Natural language processes require specific input files and formats in order to properly run their algorithms and produce meaningful outputs. Thus, it is always important to clean your input data, especially when it is text, before using any NLP methods. In this case, we wish to transform the text in folktales, which we have stored in various S3 buckets. AWS S3 stores all data in buckets and as bytes. This can cause textual data to be slightly modified with escape characters, which need to be removed before continuing further using Comprehend. 

In [47]:
import boto3

s3 = boto3.client('s3')

buckets = ['arabian-folktales', 'chinese-folktales', 'english-folktales','german-folktales', 'indian-folktales', 'russian-folktales']

The following loop cleans every folktales text file and creates new S3 buckets to store the new clean files.

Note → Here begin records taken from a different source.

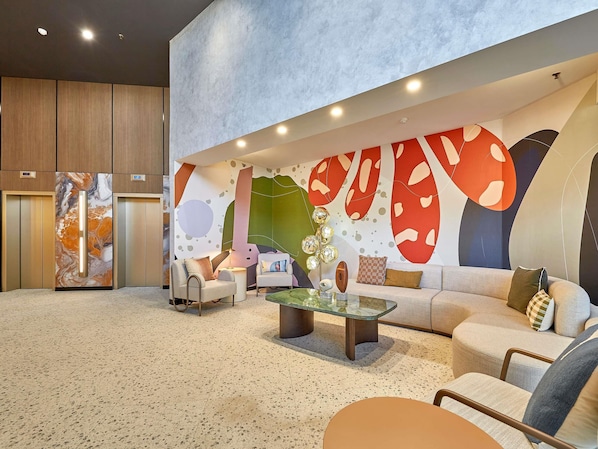 A modern living room with a large abstract mural, a sofa, two armchairs, a coffee table, and a glass-top table.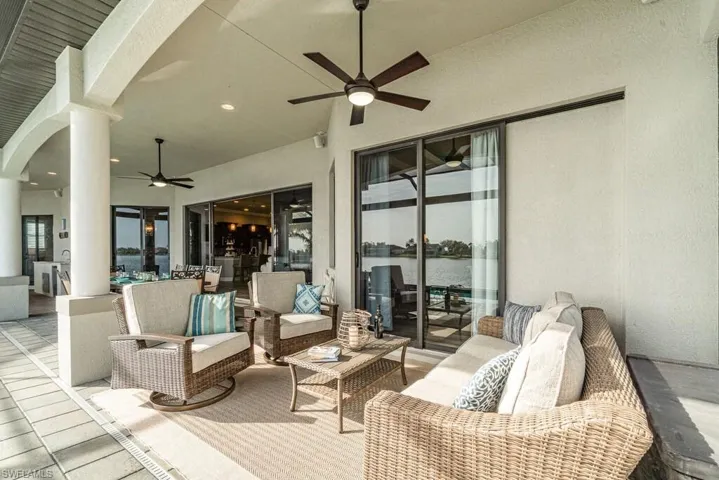 View of patio / terrace featuring ceiling fan, outdoor dining area, outdoor lounge area, and a water view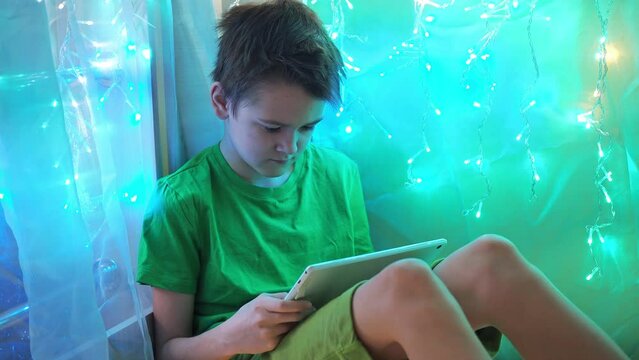 the boy looks at the tablet while sitting on a bed decorated with garlands. multicolored light of lights. a teenager in a green T-shirt and shorts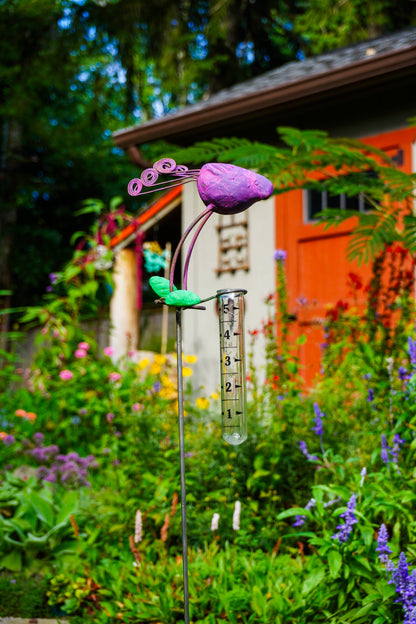 A garden stake sculpture featuring a purple bird head, green stem and leaf details, and a clear graduated tube, set in a lush garden with a red-orange shed in the background.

Because S3 stores every object in bytes, we must decode each text file so that the bytes are recomposed into a 'utf-8' string which we can manipulate. 

In [45]:
for currBucket in buckets:
    newBucket = currBucket + "-transformed"
    s3.create_bucket(Bucket = newBucket)
    for item in s3.list_objects_v2(Bucket = currBucket).get('Contents'):
        name = item.get('Key')
        obj = s3.get_object(Bucket = currBucket, Key = name)
        text = obj.get('Body').read().decode('utf-8')
        text = text.replace('\n', " ")
        text = text.replace('\r', "")
        s3.put_object(Bucket = newBucket, Body = text, Key = name)